And of course, you can only exit Draygon’s chamber by Space Jumping out. On the way out, you’ll probably notice the strange cubic objects in the background — are they fixtures of the ceiling? Do they represent a vast distance within this chamber? Are they objects suspended by the antigravity that makes Space Jumping possible? Again, no answer are forthcoming, and the game is all the better for the mystery.

14 thoughts on “The Anatomy of Super Metroid | 12 | Enter the Draygon

  1. Are you including the game manual in the design? It lists Mochtroids as ‘the space pirates’ first attempt to clone Metroids’.

    The floating boxes feel a bit like something translated from concept art - maybe the whole ‘maridia as continuation of wrecked ship’, with cargo boxes floating around? No idea.

    1. The nice thing is that even that bit of information still leaves a lot of mysteries since it doesn’t explain why attempted to clone Metroids. Were they trying to create a strand that was resistant to the Ice Beam or easier to control? Or maybe they actually wanted to create a weaker strand to keep a pets? (Which actually would tie into to recurring gag in the Prime series that occasionally the Space Pirates will try to keep Metroids a pets, with predictably disastrous results)

  2. I came across the alternative method to defeat Draygon completely by accident the first time I played the game. I was trying to clear out my weapon selection to get back to the beam, but got stuck on the grapple beam because I panicked when Draygon grabbed me. While biding my time until he dropped me, I shut kept hitting the fire button, and to my surprise the grapple beam latched onto the electrical field. Since I was pounding the fire button I unlatched fairly quickly, but my curiosity was piqued. So, I replicated the situation and brought Draygon down quicker than I anticipated.

  3. @zarathustra Nope, the entire premise of this series is what you can learn from the games themselves. Supplementary content like manuals, guides, and interviews make for interesting sidebars, but Anatomy is strictly about in-game information.

  4. When common, real-life logic works in games always seems stranger to me than the more abstract rules or cause/effect in a game. So often, it seems like things that should/would logically work in a real-world sense don’t, enough that when it does actually happen, it winds up feeling like as much of a surprise as something completely made up for a game.

    That said, I probably would never have discovered the circuit thing on my own; I wound up reading it in a magazine or something, after I ended up beating Draygon the hard way my first time through.

  5. I’m surprised you didn’t comment on the room above the entrance to Draygon’s room. There you’re forced by a nondescript dead end and a permanently destroyed grapple block to jump onto spikes on the way back, only to find they’re fake. This leads you to try jumping on the other set of spikes in the room, which are also fake and lead down to Draygon. It’s one of the greatest examples of Super Metroid organically guiding the player by predicting their actions.

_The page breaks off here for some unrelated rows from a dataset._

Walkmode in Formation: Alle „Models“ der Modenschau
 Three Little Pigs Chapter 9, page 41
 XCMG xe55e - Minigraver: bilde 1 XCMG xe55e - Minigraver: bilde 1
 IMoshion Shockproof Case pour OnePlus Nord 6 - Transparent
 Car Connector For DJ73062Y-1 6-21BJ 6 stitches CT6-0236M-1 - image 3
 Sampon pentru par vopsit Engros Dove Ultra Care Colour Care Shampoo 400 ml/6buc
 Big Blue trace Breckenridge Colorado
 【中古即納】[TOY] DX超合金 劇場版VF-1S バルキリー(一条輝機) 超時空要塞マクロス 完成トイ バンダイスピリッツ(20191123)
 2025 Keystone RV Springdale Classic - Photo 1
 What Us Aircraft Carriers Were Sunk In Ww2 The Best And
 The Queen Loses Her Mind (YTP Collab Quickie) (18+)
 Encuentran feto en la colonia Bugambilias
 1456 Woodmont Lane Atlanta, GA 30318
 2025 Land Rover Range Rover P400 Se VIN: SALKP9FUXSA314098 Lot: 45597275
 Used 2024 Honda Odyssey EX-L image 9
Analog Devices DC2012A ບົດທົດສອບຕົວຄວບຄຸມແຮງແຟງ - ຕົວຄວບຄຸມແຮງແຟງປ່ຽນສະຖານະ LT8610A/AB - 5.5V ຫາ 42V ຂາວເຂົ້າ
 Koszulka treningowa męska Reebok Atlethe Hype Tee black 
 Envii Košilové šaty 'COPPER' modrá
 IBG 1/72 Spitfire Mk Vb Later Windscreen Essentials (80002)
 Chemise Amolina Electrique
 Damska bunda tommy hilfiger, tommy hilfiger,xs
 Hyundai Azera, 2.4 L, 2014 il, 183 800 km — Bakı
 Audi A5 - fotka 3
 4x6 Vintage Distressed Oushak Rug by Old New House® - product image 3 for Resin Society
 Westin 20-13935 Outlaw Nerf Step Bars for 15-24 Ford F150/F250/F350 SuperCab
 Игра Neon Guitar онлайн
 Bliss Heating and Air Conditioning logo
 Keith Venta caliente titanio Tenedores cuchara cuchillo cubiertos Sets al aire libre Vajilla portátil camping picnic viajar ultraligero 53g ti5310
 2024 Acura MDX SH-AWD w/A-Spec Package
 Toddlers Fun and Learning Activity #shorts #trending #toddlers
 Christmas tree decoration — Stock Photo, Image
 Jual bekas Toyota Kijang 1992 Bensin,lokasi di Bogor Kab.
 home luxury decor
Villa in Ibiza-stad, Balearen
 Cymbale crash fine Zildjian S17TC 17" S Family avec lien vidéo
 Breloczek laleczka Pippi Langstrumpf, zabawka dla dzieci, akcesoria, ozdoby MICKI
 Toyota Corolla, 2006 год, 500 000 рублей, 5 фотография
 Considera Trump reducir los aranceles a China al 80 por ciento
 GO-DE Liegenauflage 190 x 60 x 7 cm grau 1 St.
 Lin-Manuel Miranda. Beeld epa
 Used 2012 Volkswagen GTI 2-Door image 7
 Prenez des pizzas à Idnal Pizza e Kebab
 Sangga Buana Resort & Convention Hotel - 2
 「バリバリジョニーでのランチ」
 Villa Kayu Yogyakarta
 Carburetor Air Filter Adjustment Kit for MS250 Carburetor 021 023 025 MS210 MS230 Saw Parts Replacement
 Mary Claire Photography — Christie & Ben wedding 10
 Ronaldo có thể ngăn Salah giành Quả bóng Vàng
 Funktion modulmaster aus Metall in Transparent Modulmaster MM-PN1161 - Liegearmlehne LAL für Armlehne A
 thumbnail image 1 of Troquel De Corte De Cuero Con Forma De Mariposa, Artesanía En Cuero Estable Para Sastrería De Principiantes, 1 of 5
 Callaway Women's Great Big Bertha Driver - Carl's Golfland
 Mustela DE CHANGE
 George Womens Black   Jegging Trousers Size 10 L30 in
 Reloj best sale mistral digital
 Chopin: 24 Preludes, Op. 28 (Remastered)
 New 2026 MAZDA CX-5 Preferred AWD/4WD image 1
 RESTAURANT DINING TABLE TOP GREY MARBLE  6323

  6. Besides frying Draygon and maybe yourself to death, another touch I like about the Draygon fight is that after you kill it, li’l baby Draygons show up and go to its falling corpse. Even though it’s one of the big four on the mysterious statue, it implies that Draygon was a parent just trying to protect its young from danger, like the Moctroids or obligatory segmented dragon monster or some murderous astronaut with an arm cannon.

    1. Alternately, if the moctroids indicate the Space Pirates are using this area as a cloning lab, it’s possible Draygon is some kind of artificially created mutant version of the little mini-draygon things that live in Maridia.

  7. I read somewhere that those floating blocks also appear in Metroid Prime 2. I haven’t played it so I don’t know if it’s true.

  8. I’ve never beaten Draygon the “legit” way, I’ve always had to use the grapple beam, and I only found about that in one of the Attract Mode sequences.

  9. Looking at those boxes again, they kind of look like cargo boxes floating to the top of the room (thanks to everything being underwater).

  10. One other observation about the room leading to Draygon’s lair: You will probably hesitate for a moment upon seeing the floor lined with spikes. However, you may notice the spikes aren’t moving, like other sets of spikes in the game. This may be your tip off that something’s up. Or, if you acquired the X-Ray Scope, you can take a moment to scope out this seemingly impassable area.

    I think the only other spikes in the game that don’t move are in the deactivated Wrecked Ship. However, those spikes are still deadly.